_WORK TO COMPLETE:_ Once the pictures have been removed, repeat the remainder of the records exactly.

_Crawled caption data:_
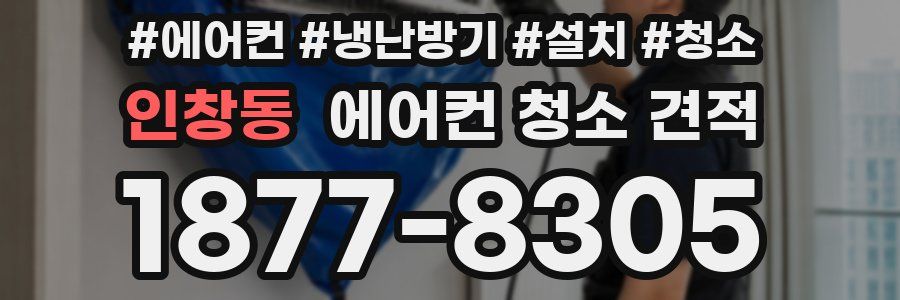 인창동 에어컨 청소 견적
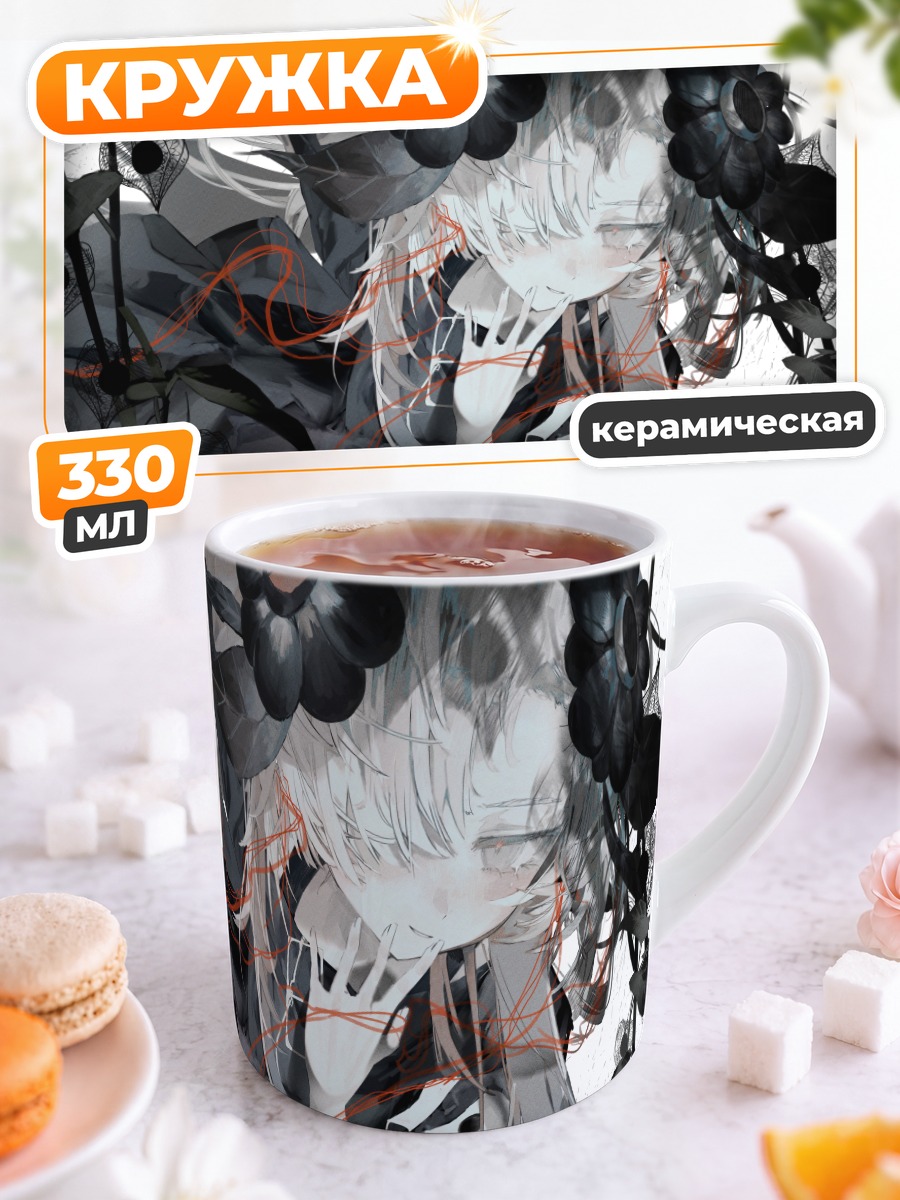 Кружка керамическая Исекайдзёчо в цветах
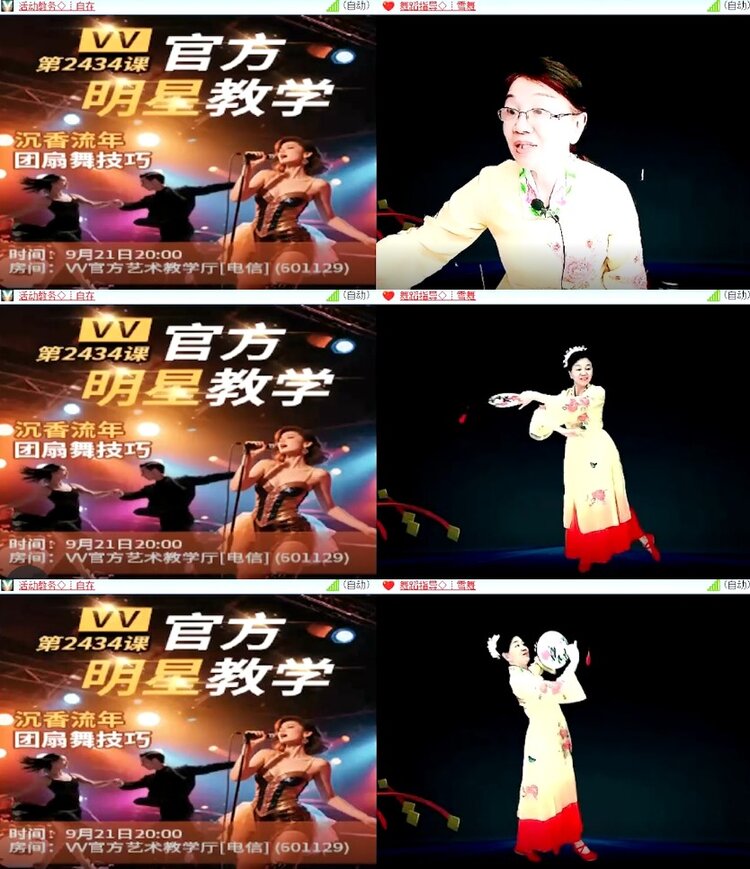 杜影🎤V娱热点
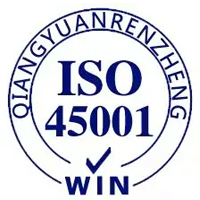 ISO45001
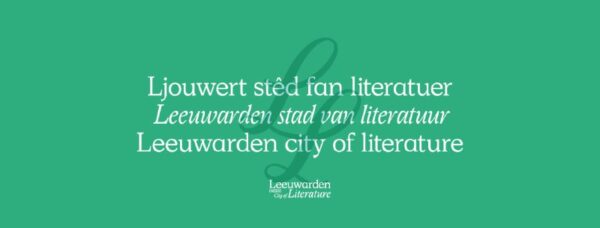 Leeuwarden UNESCO City of Literature – літаратурная #рэзідэнцыя, #НідэрландыДля каго: #пісьменнікі #…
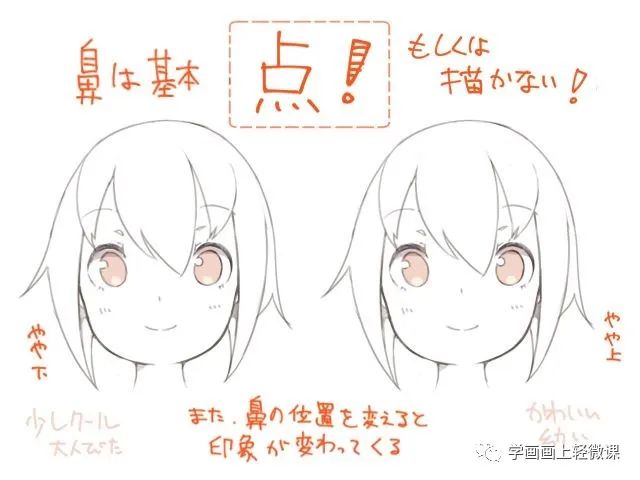 女孩畫不出可愛的感覺？是你把臉畫歪了吧！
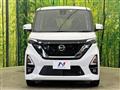 2023 Nissan ROOX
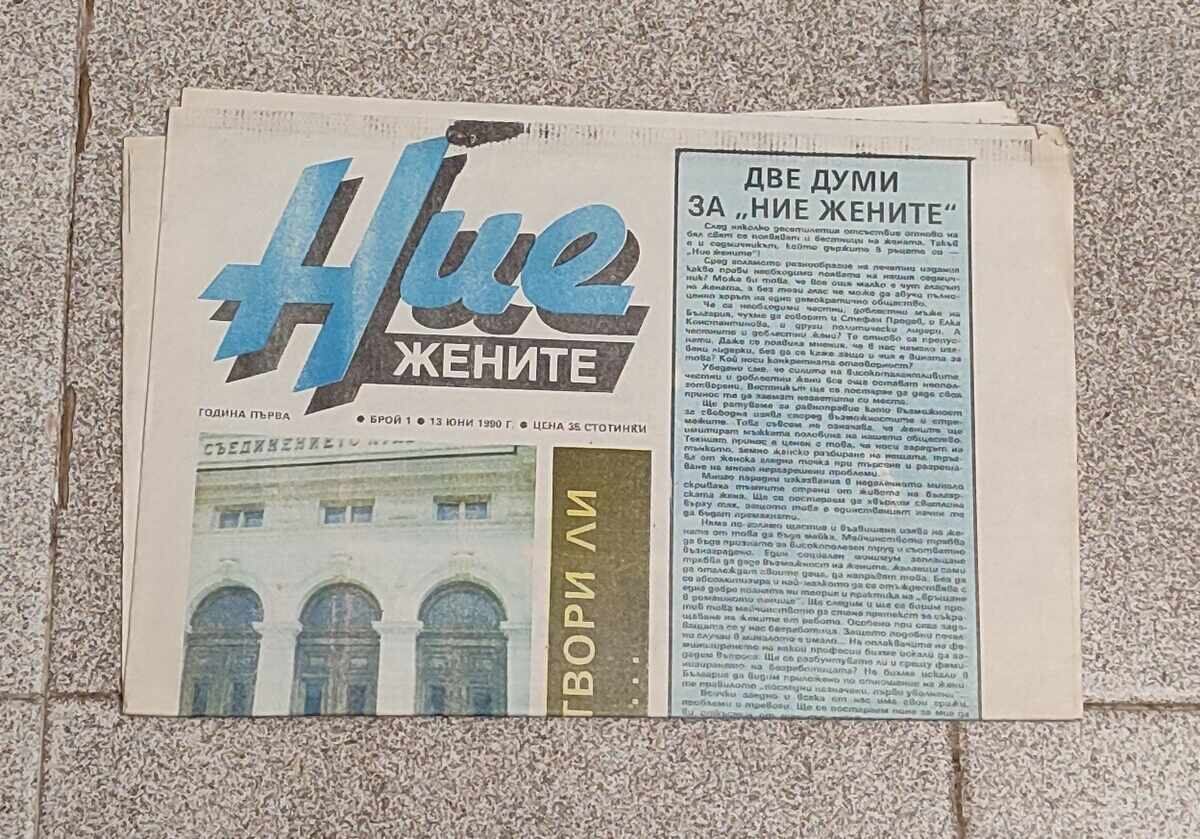 V-K "WE WOMEN" issue 1 year I 1990 - 6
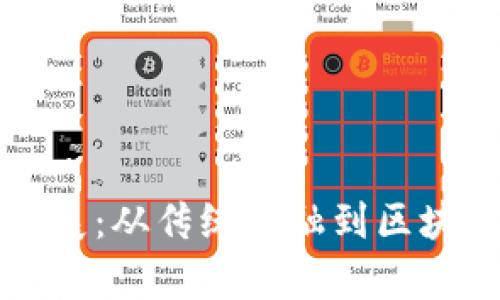 富达加密货币发展：从传统金融到区块链新时代的转型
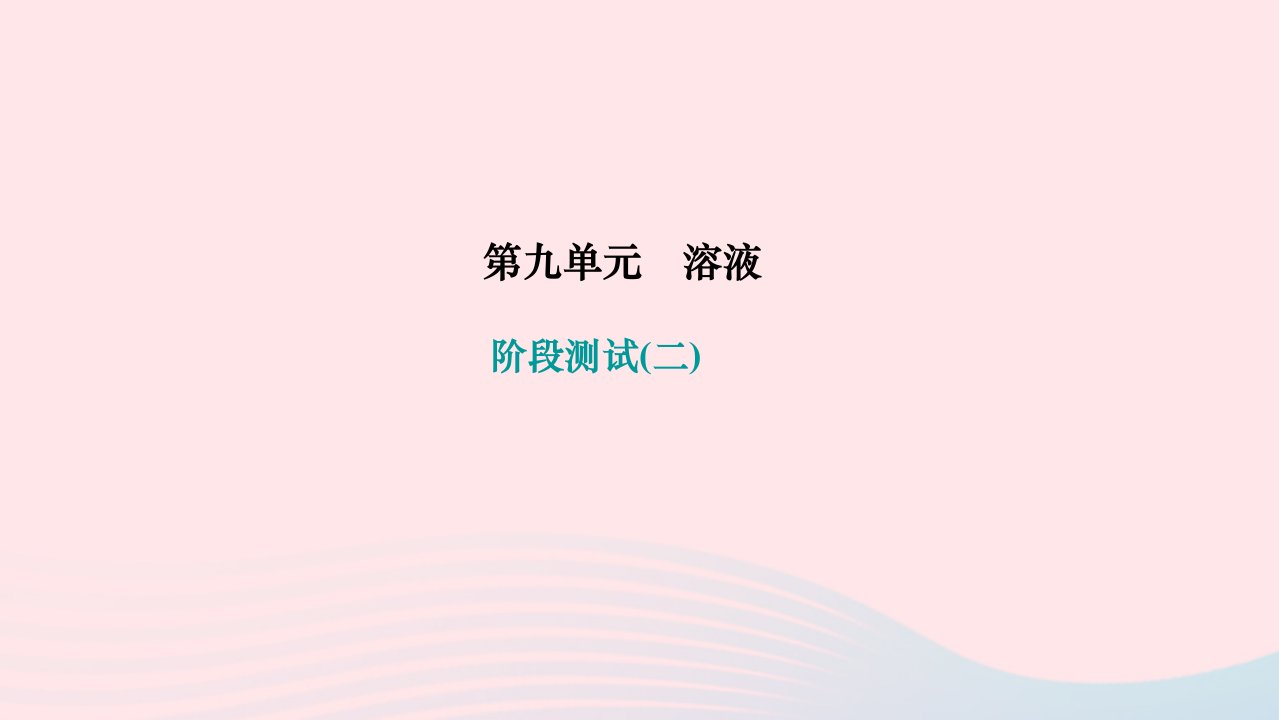 2024九年级化学下册第九单元溶液阶段测试二作业课件新版新人教版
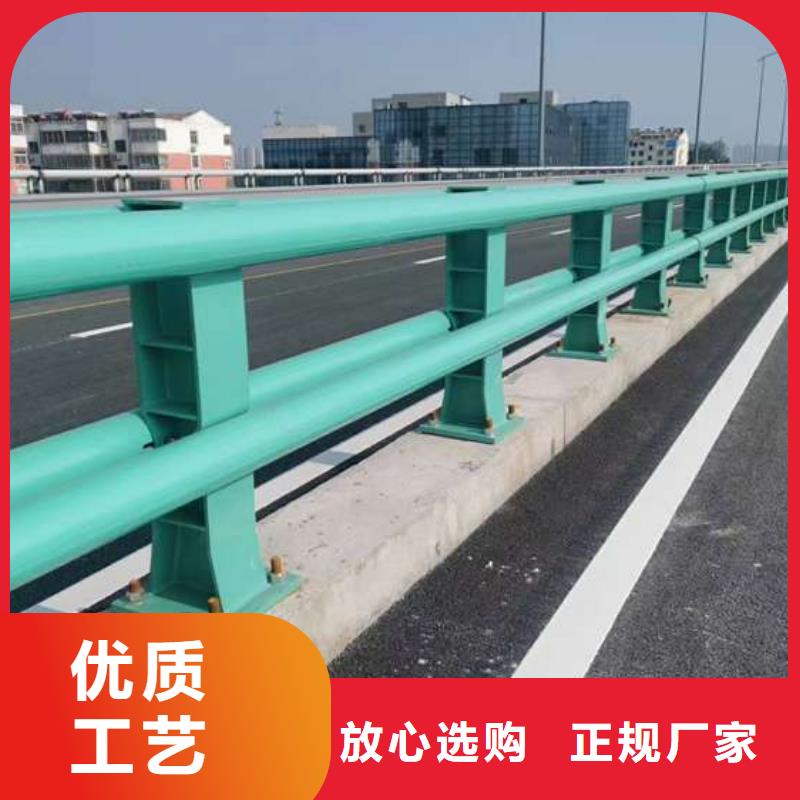 欢迎-道路护栏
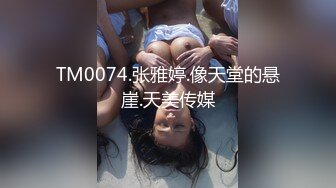 【AI换脸视频】宋轶 性感女上司 上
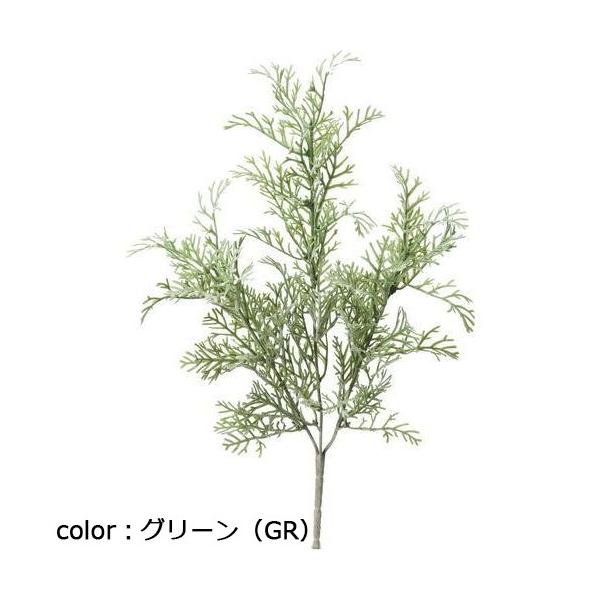 ポピー フロックファーンブッシュ GL-5171 全長45cm・幅30cm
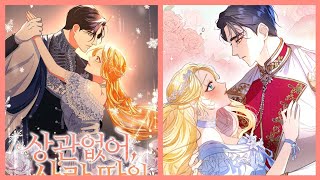 New Manhwa 💞 #shorts #romantic #bestmanhwa #foryou #edit #webtoon #tiktok #yt #ytshort #fypシ
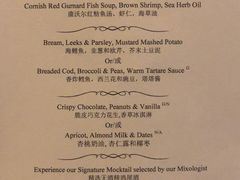 中文菜单-迪拜帆船酒店海底餐厅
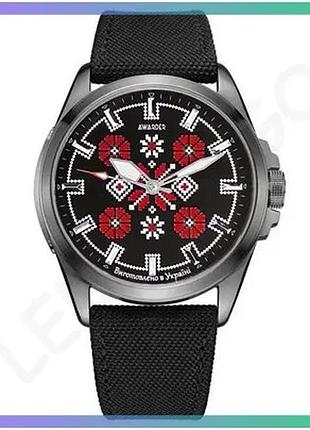 Годинник awarder embroidery silver-red black чоловічий водонепроникний 10atm кварцовий стильний реміне sku_aber_1202-0001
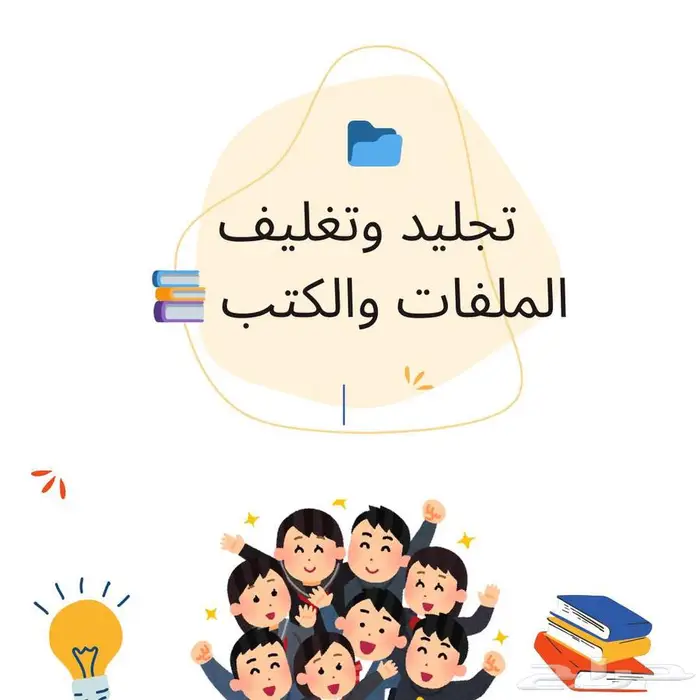 خدمات عودة مدارس 10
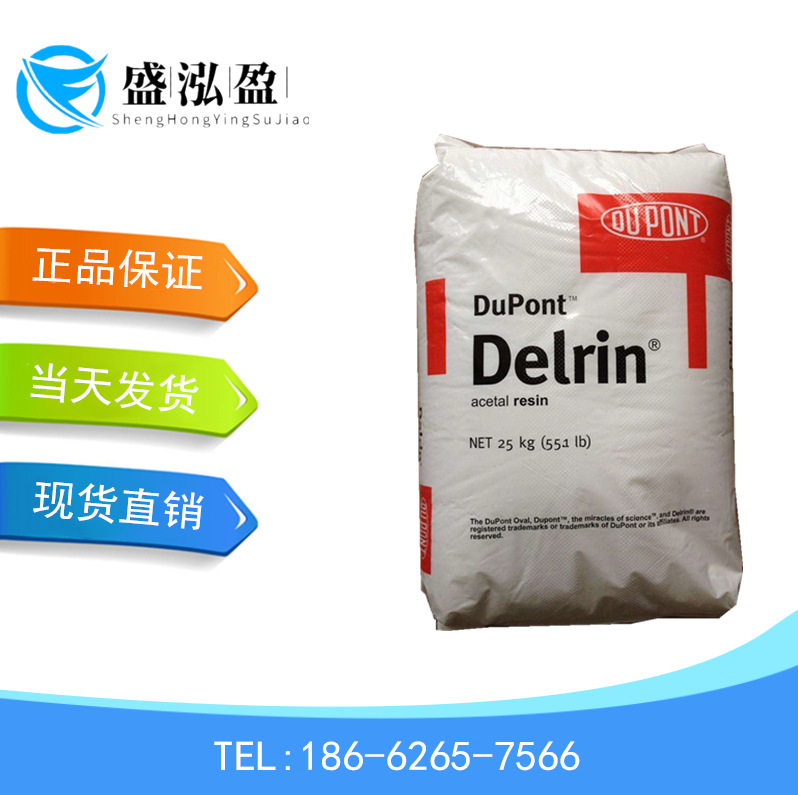 现货供应均聚甲醛POM/美国杜邦/911P 赛刚料  高粘度 薄壁制品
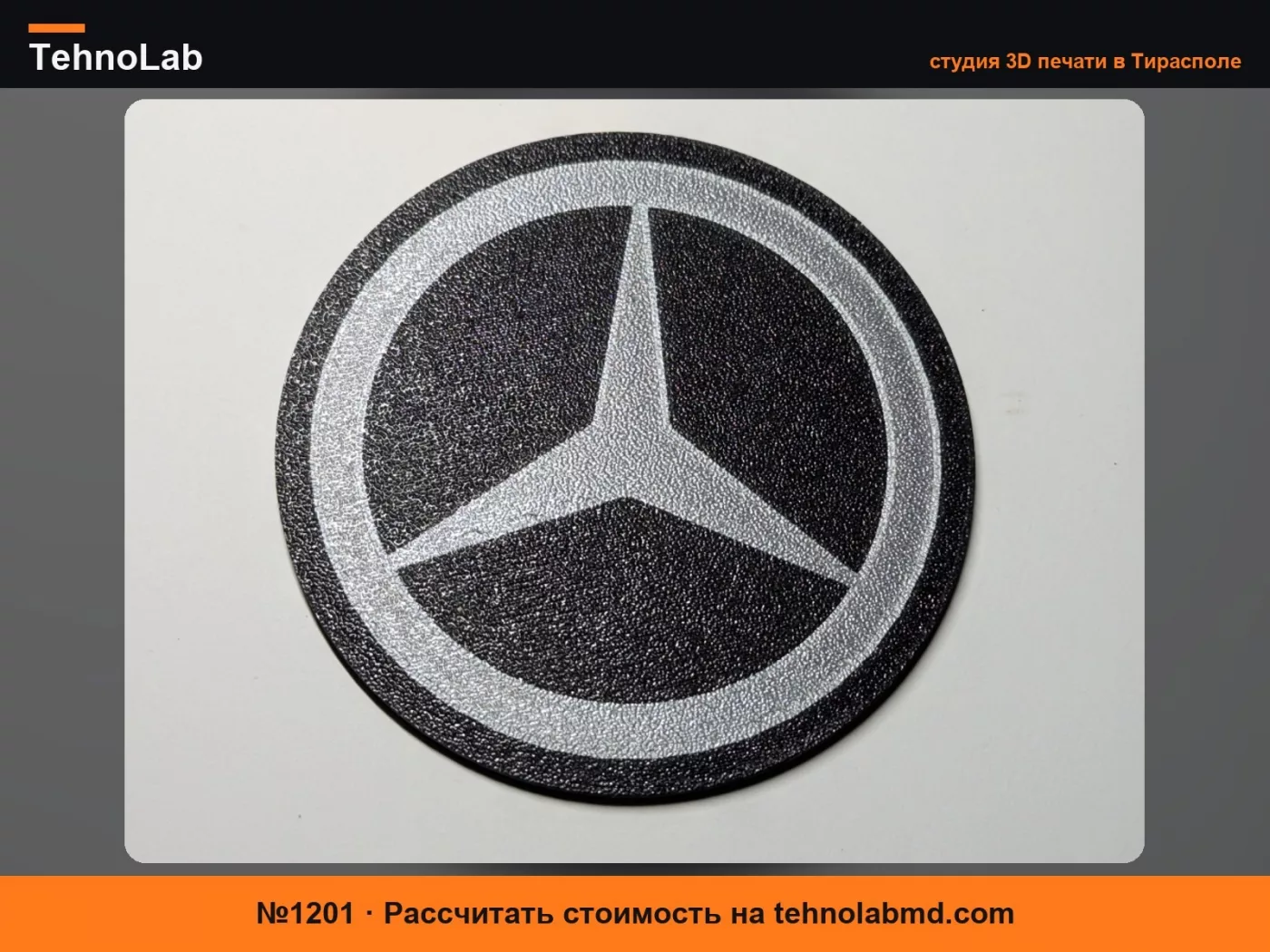 №1201 Подставка под стаканы Mercedes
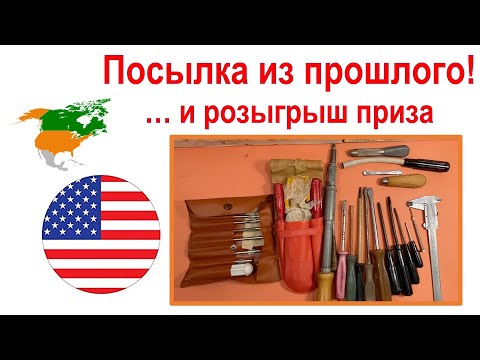 Видео: 94. Посылка из прошлого - инструмент из СССР в США (Конкурс завершен)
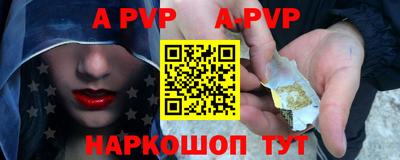 мефедрон мука Кумертау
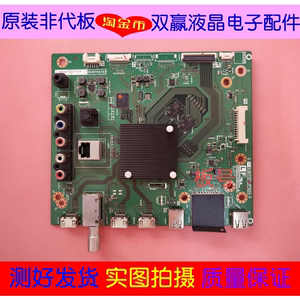 夏普*LCD-50SU570A主板 DUNTKG743 QPWBXG743WJZZ屏V500DJ7-ME5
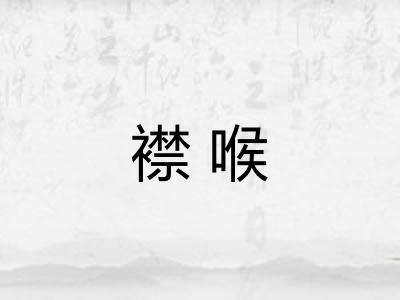 襟喉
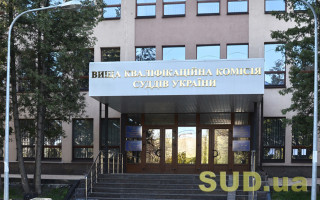 ВККС визначила успішних кандидатів до Чернігівського та Закарпатського апеляційних судів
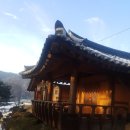 유곡산방 이미지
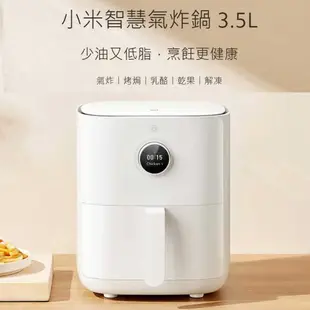 小米 Xiaomi 智慧氣炸鍋 3.5L 【台灣公司貨，原廠保固】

_RESULT OF THIS TASK:_
 인창동 에어컨 청소 견적
 Кружка керамическая Исекайдзёчо в цветах
 杜影🎤V娱热点
 ISO45001
 Leeuwarden UNESCO City of Literature – літаратурная #рэзідэнцыя, #НідэрландыДля каго: #пісьменнікі #…
 女孩畫不出可愛的感覺？是你把臉畫歪了吧！
 2023 Nissan ROOX
 V-K "WE WOMEN" issue 1 year I 1990 - 6
 富达加密货币发展：从传统金融到区块链新时代的转型
 2024九年级化学下册第九单元溶液阶段测试二作业课件新版新人教版
 欢迎-道路护栏
 【AI换脸视频】宋轶 性感女上司 上
 ポピー フロックファーンブッシュ GL-5171 全長45cm・幅30cm
 New Manhwa 💞 #shorts #romantic #bestmanhwa #foryou #edit #webtoon #tiktok #yt #ytshort #fypシ
 中文菜单-迪拜帆船酒店海底餐厅
 Годинник awarder embroidery silver-red black чоловічий водонепроникний 10atm кварцовий стильний реміне sku_aber_1202-0001
 خدمات عودة مدارس 10
 现货供应均聚甲醛POM/美国杜邦/911P 赛刚料  高粘度 薄壁制品
 №1201 Подставка под стаканы Mercedes
 Видео: 94. Посылка из прошлого - инструмент из СССР в США (Конкурс завершен)
 мефедрон мука Кумертау
 夏普*LCD-50SU570A主板 DUNTKG743 QPWBXG743WJZZ屏V500DJ7-ME5
 襟喉
 ВККС визначила успішних кандидатів до Чернігівського та Закарпатського апеляційних судів
 유곡산방 이미지
 小米 Xiaomi 智慧氣炸鍋 3.5L 【台灣公司貨，原廠保固】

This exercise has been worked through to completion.